■ Dataset entries ■
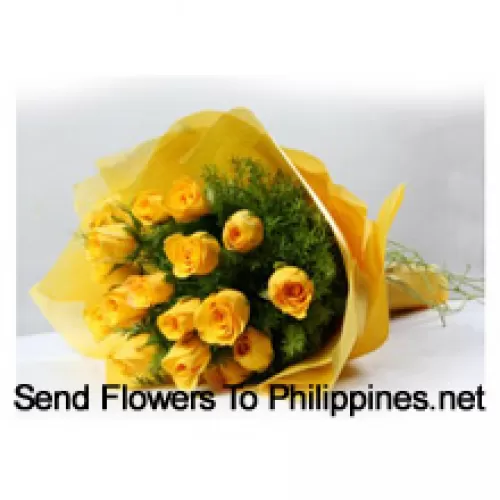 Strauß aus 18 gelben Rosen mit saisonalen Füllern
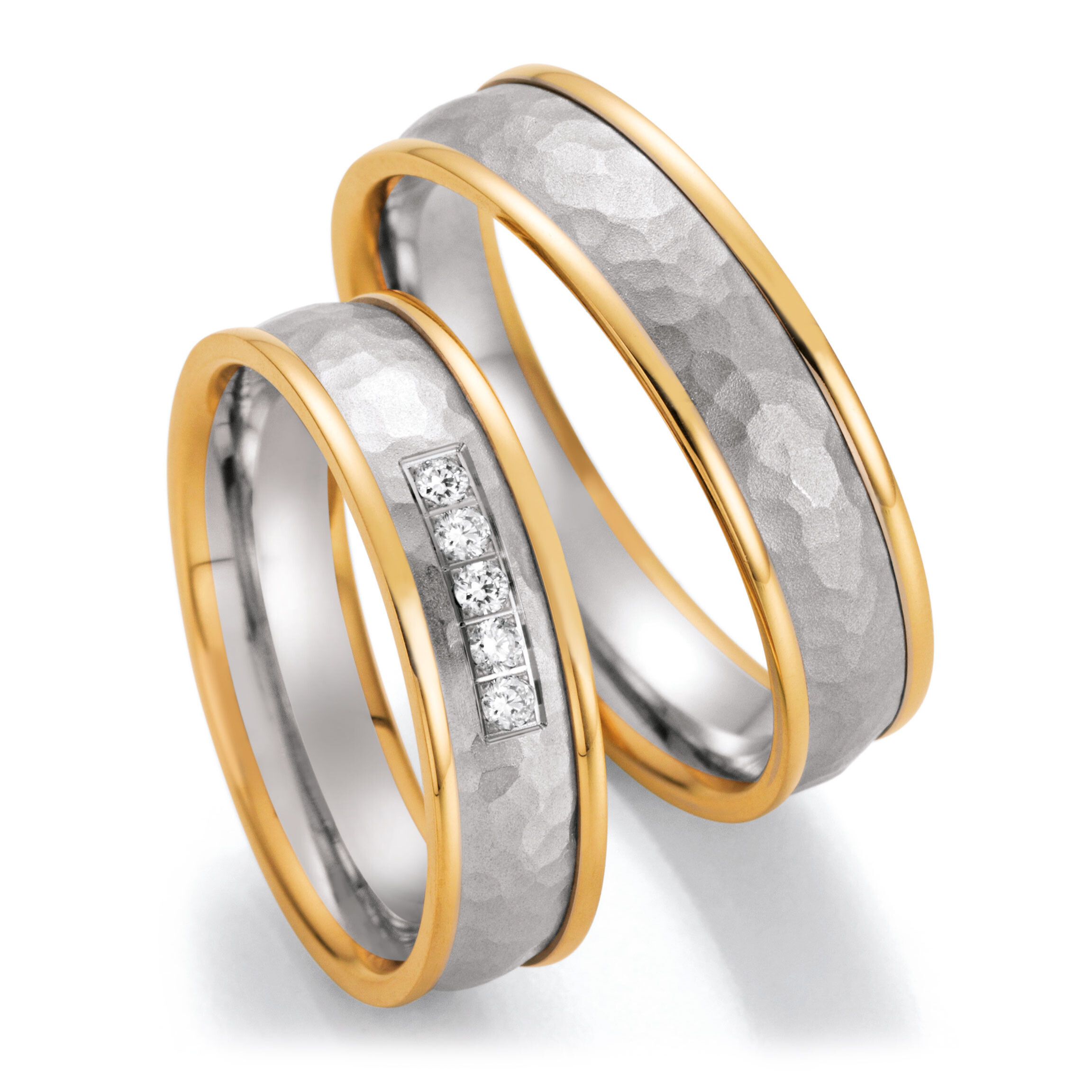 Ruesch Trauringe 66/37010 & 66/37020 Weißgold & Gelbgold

==

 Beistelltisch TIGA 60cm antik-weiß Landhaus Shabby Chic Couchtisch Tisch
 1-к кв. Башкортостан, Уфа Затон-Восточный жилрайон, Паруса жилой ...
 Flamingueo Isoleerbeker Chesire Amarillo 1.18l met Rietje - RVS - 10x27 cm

...

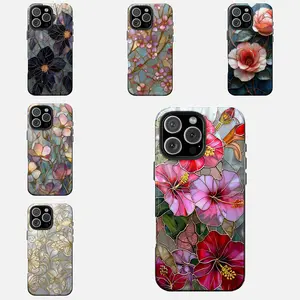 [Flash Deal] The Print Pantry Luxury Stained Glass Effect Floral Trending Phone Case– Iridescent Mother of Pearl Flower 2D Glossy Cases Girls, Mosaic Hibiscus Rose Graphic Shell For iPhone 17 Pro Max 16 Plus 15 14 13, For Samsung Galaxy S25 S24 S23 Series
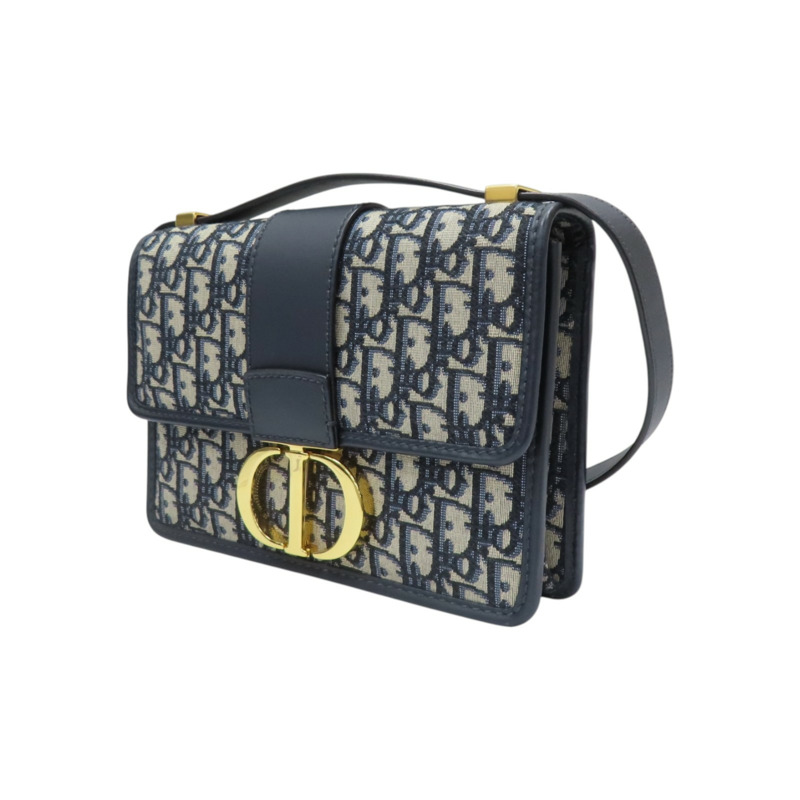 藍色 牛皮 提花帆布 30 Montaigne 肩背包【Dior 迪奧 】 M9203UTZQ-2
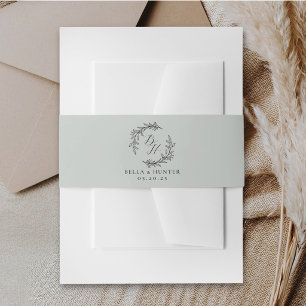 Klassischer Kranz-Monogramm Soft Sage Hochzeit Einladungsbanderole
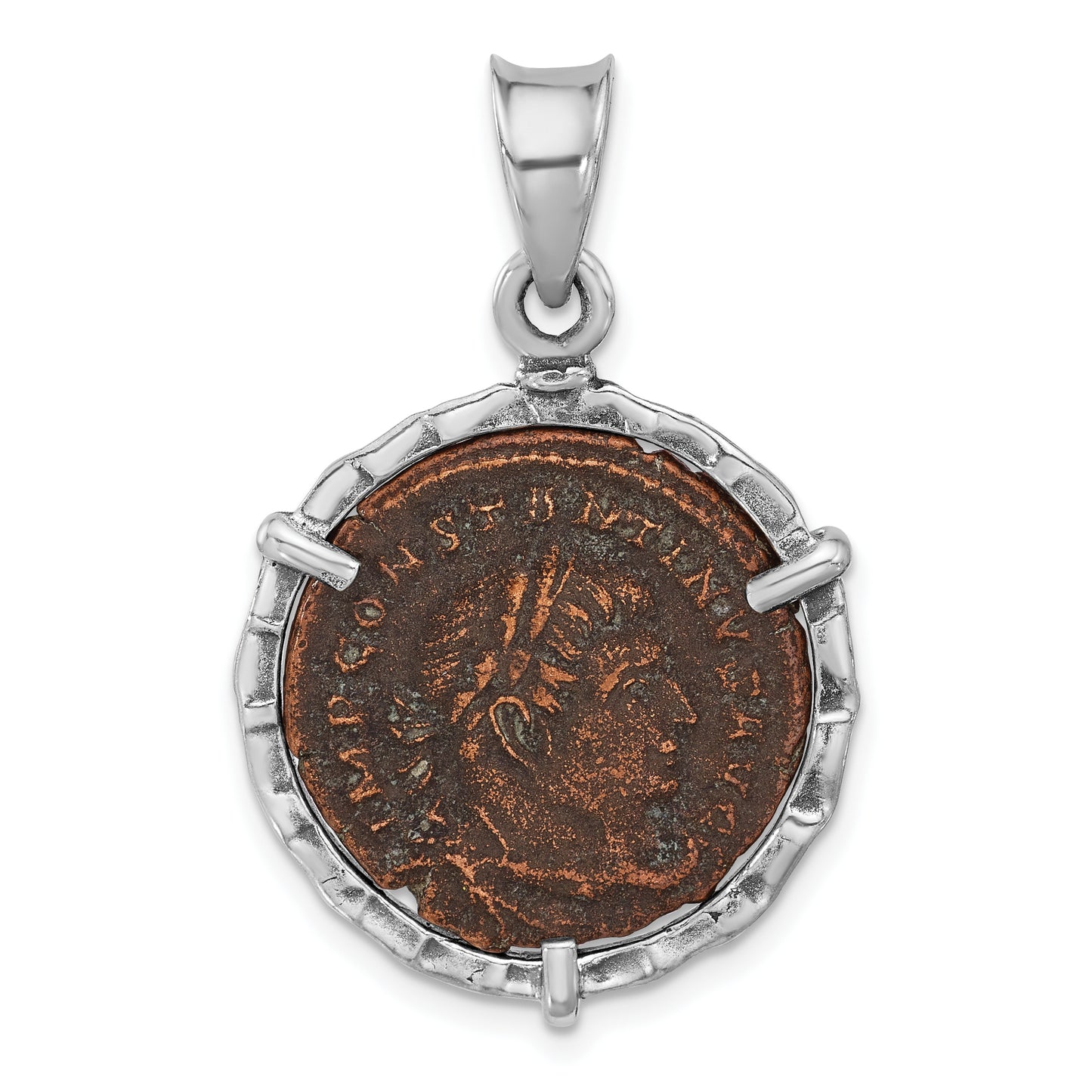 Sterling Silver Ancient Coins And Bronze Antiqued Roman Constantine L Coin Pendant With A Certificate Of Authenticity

■ Work task ■
Could you repeat, exactly, only the lines above starting at the one that has "Strauß aus 18" and stopping after the one that has "Ruesch Trauringe 66/37010", without the pictures?

■ Result of the task ■
 Strauß aus 18 gelben Rosen mit saisonalen Füllern
 Ruesch Trauringe 66/37010 & 66/37020 Weißgold & Gelbgold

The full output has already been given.